I am a Professor in the Department of Pathology at Massachusetts General Hospital and Harvard Medical School and a Member of the Broad Institute, where I co-direct the Epigenomics Program. My research focuses on epigenetics—changes in gene activity governed by influences outside the genes themselves. Specifically, we focus on how modifications to chromatin (a term for DNA and its protein scaffolding) contribute to mammalian development and human cancer.
My group has helped uncover key epigenetic mechanisms in pluripotent stem cells, developed experimental systems to identify enhancer “switches” in the human genome that coincide with sequence variants associated with common diseases, and contributed significantly to the characterization of epigenetic aberrations that underlie certain forms of cancer. We also investigate the epigenetic landscapes of human tumors and have identified epigenetic mechanisms that underlie malignant transformation, tumor propagation and drug resistance.

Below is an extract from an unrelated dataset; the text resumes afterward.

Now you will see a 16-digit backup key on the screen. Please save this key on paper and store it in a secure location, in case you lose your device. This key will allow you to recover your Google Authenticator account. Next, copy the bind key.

After receiving my M.D. and Ph.D. from the University of Washington School of Medicine, I completed a residency in clinical pathology at Brigham and Women’s Hospital. I did my postdoctoral research at Harvard University with Stuart Schreiber and collaborated extensively with Eric Lander. My honors and awards include a Howard Hughes Postdoctoral Research Fellowship for Physicians, a Career Award in the Biomedical Sciences from the Burroughs Wellcome Fund and election to the American Society for Clinical Investigation.